Nevertheless, that’s exactly what keeps happening over and over again. The lover seeks the beloved only to encounter his own destruction, and the beloved is fortunate if she does not share the same fate. Troilus, Tristan, Arthur, and many other mainstays of romance die instead of finding new life in love precisely because they have loved. In Love in the Western World, Denis de Rougemont tries to figure this puzzle out. Through examining the myth of passion in European literature from the Romance of Tristan to modern cinema, he identifies how the formal workings of courtly love tend to promote the connection between love and death.

The seed of the connection between love and death is manifested in the story of Tristan and Isolde. Tristan’s love for Isolde not only leads to his literal death, but it is also characterized by suffering. Rougemont reminds us that the etymological root of the word, passion, is suffering, and directs our attention to points in the tradition where passion becomes a sacred and religious act that places itself in opposition to the Christian Church. Key to understanding passion as suffering is its “very nature to reject satisfaction.” The lover may seek the beloved as a goal, but never be satisfied. The continued experience of passion then becomes the goal itself. Consequently, the passion of the lover and the beloved in the tradition of courtly love is a form of narcissism. Rather than loving one another, Tristan and Isolde actually love being in love. And that kind of love cannot be satisfied and leads to death.

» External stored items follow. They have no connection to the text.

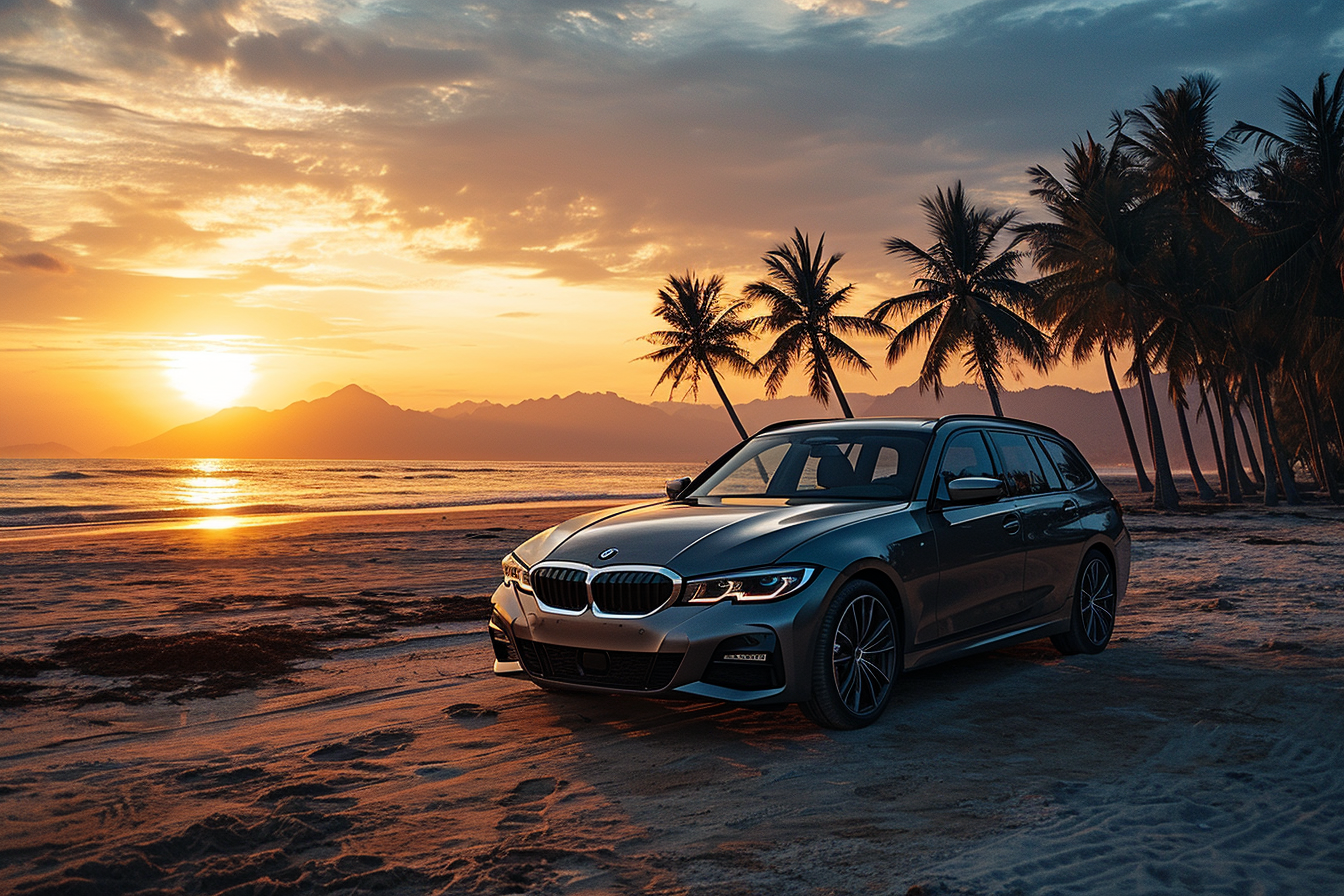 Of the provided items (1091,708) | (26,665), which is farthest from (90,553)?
(1091,708)

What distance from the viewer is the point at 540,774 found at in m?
4.55

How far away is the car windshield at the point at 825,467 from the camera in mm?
6094

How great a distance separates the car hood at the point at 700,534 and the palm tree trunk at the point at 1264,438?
27950mm

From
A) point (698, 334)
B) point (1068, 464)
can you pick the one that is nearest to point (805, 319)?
point (698, 334)

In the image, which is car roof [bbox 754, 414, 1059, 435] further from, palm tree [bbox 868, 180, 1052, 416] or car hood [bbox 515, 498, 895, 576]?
palm tree [bbox 868, 180, 1052, 416]

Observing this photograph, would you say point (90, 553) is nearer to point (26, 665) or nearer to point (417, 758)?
point (26, 665)

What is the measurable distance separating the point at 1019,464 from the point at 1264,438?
97.8ft

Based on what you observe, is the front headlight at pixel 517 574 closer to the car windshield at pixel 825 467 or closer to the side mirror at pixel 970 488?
the car windshield at pixel 825 467

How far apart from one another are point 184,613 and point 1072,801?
323 inches

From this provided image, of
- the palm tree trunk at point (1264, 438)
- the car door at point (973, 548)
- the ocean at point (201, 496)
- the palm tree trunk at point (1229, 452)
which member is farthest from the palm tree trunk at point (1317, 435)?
the car door at point (973, 548)

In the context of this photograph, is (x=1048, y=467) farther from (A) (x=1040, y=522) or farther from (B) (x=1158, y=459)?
(B) (x=1158, y=459)

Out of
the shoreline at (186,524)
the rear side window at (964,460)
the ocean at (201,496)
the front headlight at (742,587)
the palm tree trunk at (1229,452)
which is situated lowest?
the palm tree trunk at (1229,452)

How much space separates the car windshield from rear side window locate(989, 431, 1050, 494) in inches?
33.8

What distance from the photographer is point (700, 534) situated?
5246 mm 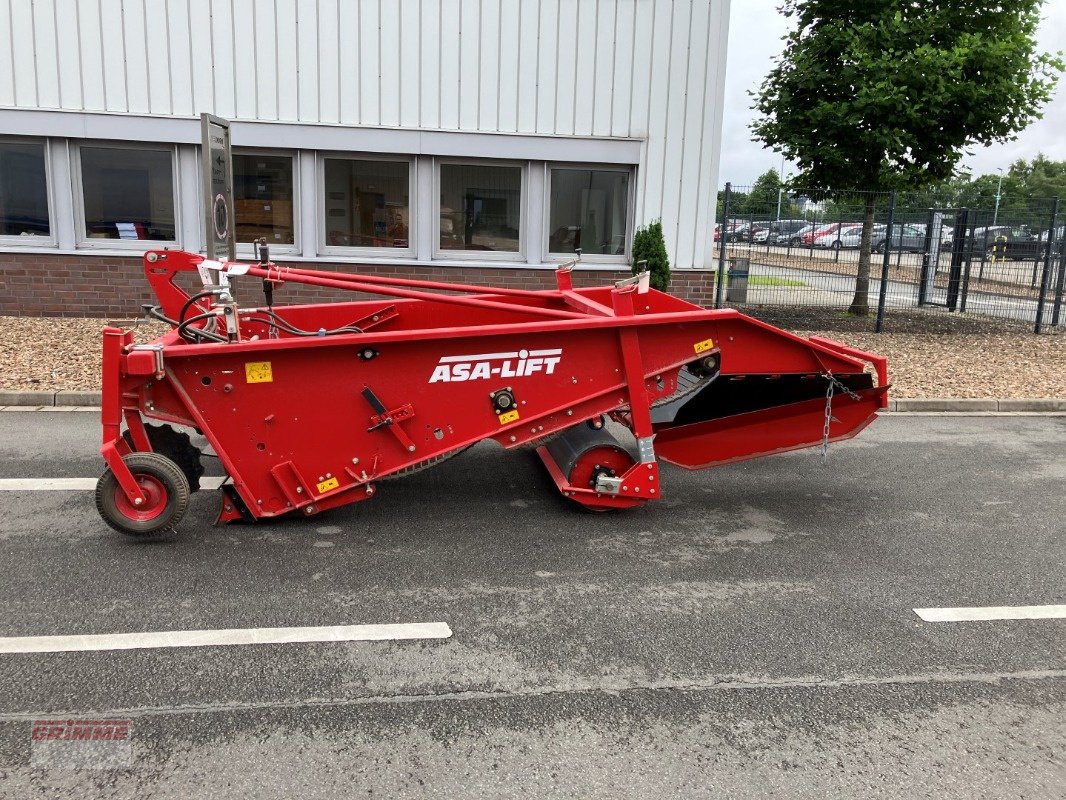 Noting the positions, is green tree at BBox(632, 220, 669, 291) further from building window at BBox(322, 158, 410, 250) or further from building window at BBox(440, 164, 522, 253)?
building window at BBox(322, 158, 410, 250)

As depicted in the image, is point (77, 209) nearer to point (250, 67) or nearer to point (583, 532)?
point (250, 67)

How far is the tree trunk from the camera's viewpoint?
13717mm

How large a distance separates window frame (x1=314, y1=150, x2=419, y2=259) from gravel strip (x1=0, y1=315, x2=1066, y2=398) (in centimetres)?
250

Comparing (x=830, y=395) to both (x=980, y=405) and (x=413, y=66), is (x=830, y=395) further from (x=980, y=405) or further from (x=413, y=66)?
(x=413, y=66)

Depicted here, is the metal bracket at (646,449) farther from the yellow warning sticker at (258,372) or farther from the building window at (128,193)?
the building window at (128,193)

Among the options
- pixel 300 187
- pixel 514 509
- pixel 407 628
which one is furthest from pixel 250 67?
pixel 407 628

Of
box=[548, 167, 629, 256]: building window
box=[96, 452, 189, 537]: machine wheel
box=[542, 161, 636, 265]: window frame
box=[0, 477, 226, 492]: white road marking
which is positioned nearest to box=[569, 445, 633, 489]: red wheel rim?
box=[96, 452, 189, 537]: machine wheel

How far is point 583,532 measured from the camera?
4.96 meters

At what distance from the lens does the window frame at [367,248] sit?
11.8 meters

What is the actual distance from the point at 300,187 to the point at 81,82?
9.70 ft

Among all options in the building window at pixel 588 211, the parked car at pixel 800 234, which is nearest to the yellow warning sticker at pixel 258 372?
the building window at pixel 588 211

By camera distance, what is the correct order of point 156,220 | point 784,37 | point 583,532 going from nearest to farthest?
point 583,532 → point 156,220 → point 784,37

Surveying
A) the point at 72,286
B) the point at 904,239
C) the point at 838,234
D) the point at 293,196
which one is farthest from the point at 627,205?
the point at 72,286

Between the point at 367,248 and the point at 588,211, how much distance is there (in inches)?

On the other hand, we might look at the development of chivalry and courtly love and wonder how a system that elevates woman can be so bad. But here’s the problem: through placing the beloved above the lover in dignity, courtly love paradoxically objectifies and demeans the beloved through turning her into a goal, not a person. Rather than seeing the beloved as herself, Rougemont notes that she is treated as“an excuse for excited elevation or as an ‘object of contemplation.’”

But it’s possible that writers we usually think of as courtly understood just how damaging the tradition can be. Some scholars have even suggested that we distance ourselves from reading medieval literature within the tradition of courtly love.

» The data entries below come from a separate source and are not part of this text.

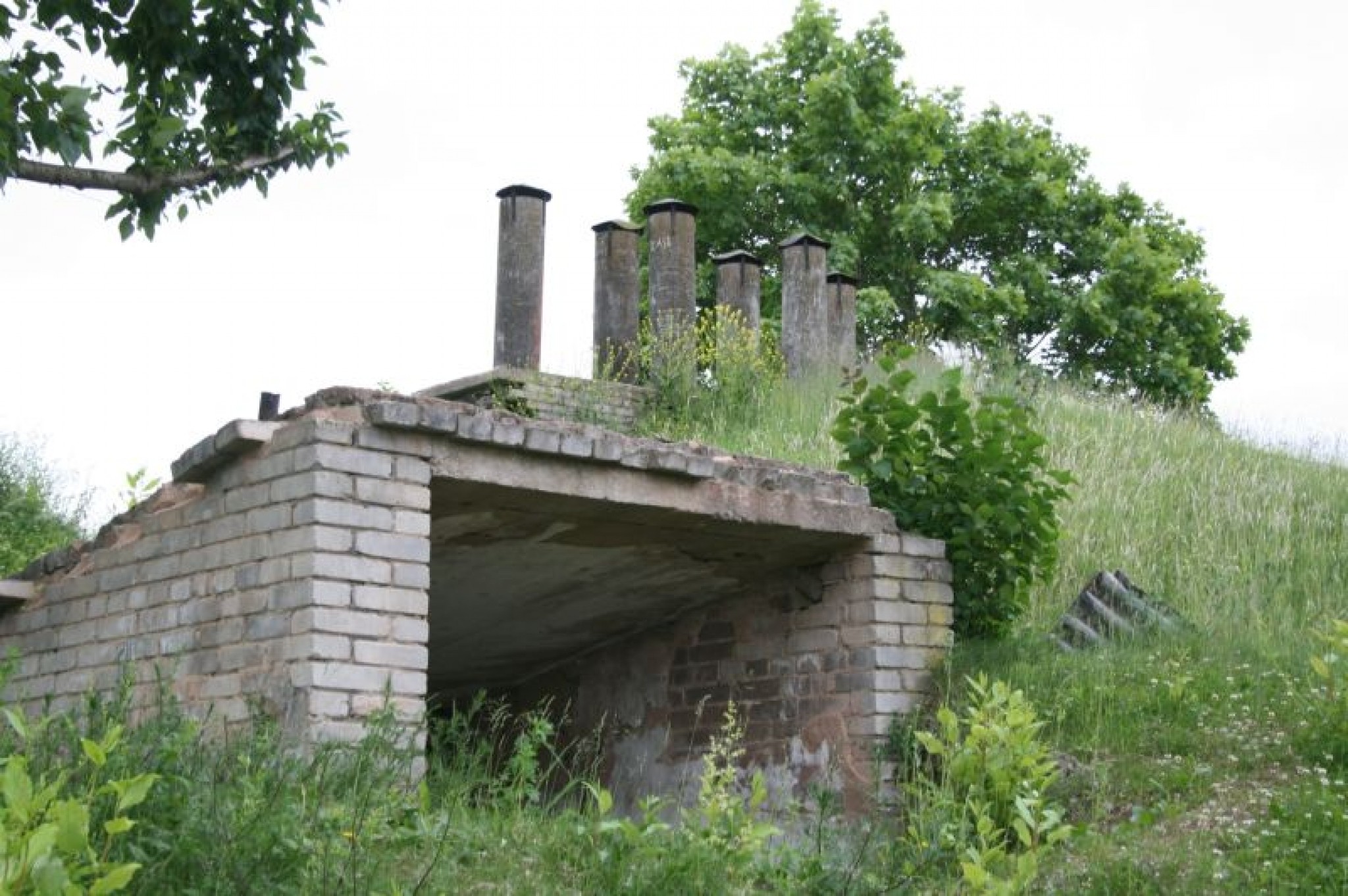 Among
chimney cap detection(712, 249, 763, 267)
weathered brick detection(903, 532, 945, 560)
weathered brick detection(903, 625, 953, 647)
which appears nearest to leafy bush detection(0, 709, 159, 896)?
weathered brick detection(903, 625, 953, 647)

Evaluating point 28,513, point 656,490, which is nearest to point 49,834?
point 656,490

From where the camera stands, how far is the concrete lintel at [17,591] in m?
8.80

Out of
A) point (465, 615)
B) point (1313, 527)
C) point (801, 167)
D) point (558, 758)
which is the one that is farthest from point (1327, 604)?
point (801, 167)

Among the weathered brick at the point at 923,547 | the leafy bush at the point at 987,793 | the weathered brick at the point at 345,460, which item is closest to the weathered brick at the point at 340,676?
the weathered brick at the point at 345,460

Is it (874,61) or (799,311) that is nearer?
(799,311)

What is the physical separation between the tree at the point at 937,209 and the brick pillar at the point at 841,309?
501 centimetres

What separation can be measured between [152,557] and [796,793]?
3.54 meters

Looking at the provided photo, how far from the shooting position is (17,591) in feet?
28.9

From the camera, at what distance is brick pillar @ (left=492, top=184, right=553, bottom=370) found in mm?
17406

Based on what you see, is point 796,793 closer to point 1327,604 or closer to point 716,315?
point 1327,604

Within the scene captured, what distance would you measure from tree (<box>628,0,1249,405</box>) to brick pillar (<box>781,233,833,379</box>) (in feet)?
19.2

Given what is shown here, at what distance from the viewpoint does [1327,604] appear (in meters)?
10.7

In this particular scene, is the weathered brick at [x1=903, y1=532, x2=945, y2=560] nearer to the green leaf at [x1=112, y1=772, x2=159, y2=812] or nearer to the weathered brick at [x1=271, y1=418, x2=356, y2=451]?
the weathered brick at [x1=271, y1=418, x2=356, y2=451]

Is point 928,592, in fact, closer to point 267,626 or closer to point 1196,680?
point 1196,680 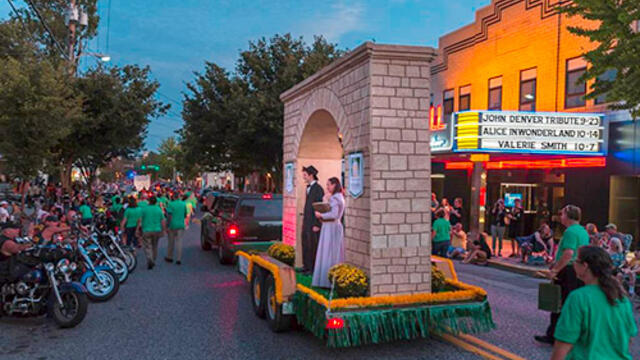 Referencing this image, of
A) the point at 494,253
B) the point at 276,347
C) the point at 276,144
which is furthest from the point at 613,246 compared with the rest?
the point at 276,144

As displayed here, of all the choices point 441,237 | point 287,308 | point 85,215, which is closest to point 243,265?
point 287,308

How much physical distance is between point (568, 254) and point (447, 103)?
54.9ft

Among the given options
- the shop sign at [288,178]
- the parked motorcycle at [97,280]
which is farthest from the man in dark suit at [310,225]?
the parked motorcycle at [97,280]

Focusing on historical evidence, D. W. Robertson proposes that courtly love as a concept is more a product of nineteenth and twentieth century criticism than actual medieval practice. He notes that to engage in the rules of love would have been “not only impractical but downright inconvenient.”

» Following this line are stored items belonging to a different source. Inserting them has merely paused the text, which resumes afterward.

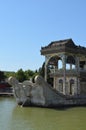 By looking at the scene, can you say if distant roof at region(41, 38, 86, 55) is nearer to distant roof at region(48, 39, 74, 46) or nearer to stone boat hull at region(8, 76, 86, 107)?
distant roof at region(48, 39, 74, 46)

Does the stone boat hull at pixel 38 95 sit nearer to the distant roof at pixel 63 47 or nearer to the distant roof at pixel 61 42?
the distant roof at pixel 63 47

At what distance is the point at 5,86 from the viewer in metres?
65.0

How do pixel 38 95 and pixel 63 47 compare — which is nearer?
pixel 38 95

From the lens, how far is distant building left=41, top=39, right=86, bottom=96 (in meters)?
35.6

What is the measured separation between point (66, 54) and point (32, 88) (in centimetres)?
656

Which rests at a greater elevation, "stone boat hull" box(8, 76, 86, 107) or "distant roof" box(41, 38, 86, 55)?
"distant roof" box(41, 38, 86, 55)

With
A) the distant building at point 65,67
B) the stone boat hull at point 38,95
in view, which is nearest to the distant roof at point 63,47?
the distant building at point 65,67

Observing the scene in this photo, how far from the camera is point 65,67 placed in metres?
35.7

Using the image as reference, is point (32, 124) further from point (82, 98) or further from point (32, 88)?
point (82, 98)

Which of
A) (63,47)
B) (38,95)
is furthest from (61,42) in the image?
(38,95)

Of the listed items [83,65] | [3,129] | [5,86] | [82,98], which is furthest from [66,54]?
[5,86]

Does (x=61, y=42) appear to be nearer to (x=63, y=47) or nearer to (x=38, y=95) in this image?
(x=63, y=47)

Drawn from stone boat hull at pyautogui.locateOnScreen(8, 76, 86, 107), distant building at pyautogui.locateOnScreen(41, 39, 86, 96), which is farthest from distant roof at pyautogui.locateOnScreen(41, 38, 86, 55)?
stone boat hull at pyautogui.locateOnScreen(8, 76, 86, 107)

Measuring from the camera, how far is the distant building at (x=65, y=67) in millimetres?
35553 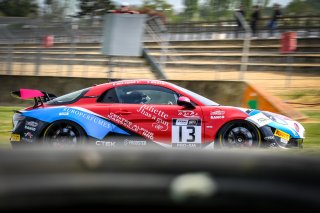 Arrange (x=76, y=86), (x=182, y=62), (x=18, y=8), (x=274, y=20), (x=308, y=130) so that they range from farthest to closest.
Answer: (x=18, y=8)
(x=274, y=20)
(x=182, y=62)
(x=76, y=86)
(x=308, y=130)

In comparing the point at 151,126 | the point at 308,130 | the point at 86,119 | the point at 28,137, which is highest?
the point at 86,119

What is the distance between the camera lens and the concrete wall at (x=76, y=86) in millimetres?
13945

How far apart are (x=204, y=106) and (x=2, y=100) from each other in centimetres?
997

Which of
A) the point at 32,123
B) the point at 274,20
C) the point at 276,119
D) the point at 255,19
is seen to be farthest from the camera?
the point at 274,20

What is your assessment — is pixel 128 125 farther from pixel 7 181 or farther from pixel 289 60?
pixel 289 60

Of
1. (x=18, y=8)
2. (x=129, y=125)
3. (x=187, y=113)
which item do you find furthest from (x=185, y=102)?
(x=18, y=8)

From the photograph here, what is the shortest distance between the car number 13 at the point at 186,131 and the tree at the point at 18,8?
2955 inches

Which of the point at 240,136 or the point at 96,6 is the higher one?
the point at 240,136

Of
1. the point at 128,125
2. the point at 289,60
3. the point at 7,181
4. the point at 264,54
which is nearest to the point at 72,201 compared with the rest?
the point at 7,181

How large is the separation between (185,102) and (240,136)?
0.94 metres

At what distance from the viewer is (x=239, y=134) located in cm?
843

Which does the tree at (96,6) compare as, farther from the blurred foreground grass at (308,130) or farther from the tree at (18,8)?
the blurred foreground grass at (308,130)

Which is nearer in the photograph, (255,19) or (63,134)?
(63,134)

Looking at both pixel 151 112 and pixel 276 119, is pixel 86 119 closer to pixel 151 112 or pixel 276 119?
pixel 151 112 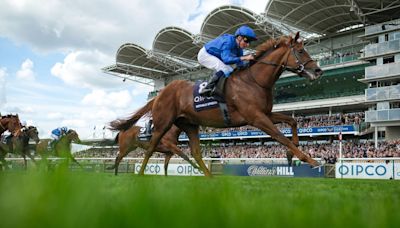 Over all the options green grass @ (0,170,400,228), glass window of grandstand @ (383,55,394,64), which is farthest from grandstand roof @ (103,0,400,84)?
green grass @ (0,170,400,228)

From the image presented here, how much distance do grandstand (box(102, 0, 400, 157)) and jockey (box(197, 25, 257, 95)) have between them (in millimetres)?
33149

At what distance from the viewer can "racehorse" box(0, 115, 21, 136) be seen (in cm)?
1328

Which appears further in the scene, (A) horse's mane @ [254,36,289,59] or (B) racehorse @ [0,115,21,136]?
(B) racehorse @ [0,115,21,136]

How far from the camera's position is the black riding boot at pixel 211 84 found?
22.2 ft

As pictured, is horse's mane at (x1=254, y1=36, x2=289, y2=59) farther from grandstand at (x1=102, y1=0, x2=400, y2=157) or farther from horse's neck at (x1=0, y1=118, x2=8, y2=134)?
grandstand at (x1=102, y1=0, x2=400, y2=157)

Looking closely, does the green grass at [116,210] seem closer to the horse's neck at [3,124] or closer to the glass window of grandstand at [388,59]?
the horse's neck at [3,124]

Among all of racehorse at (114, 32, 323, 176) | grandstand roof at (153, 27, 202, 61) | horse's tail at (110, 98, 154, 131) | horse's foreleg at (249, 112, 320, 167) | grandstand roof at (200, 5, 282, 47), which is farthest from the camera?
grandstand roof at (153, 27, 202, 61)

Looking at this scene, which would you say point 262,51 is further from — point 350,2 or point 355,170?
point 350,2

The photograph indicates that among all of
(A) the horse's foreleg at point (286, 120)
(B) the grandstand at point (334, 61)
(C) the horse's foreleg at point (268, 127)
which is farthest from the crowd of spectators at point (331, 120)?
(C) the horse's foreleg at point (268, 127)

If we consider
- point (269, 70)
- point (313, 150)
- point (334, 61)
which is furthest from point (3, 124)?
point (334, 61)

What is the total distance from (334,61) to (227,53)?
4052cm

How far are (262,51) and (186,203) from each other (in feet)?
21.1

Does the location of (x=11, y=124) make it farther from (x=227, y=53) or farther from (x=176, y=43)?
(x=176, y=43)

Benton goes so far to suggest that critics put aside readings like Rougemont’s that look at Provençal literature as examples of courtly love. Together, Robertson and Benton read medieval romances as ironic rejoinders to the concept of courtly love.

Likewise, Theodore Stroud, proposes that “Chaucer has achieved a reductio ad absurdum of the potentialities of courtly love” and renders the moral of the tragedy as a caution that “youth should avoid the Wheel of Fortune by loving only the Savior, whose power and perfection are antithetical to such pagan gods as Love.”

It looks like medieval and early modern authors are instead making fun of the rules of courtly love then. And who wouldn’t make fun of a list like this?

Rules of Courtly Love

  • Public revelation of love is deadly to love in most instances.
  • The value of love is commensurate with its difficulty of attainment.
  • Apprehension is the constant companion of true love.
  • Love is reinforced by jealousy.
  • Eating and sleeping diminish greatly when one is aggravated by love.

But those same authors that seem to be mocking the results of courtly love still link love with death. Troilus still dies. Romeo still dies. Narcissistic infatuation with the idea of love instead of loving the beloved as a separate person leads to death.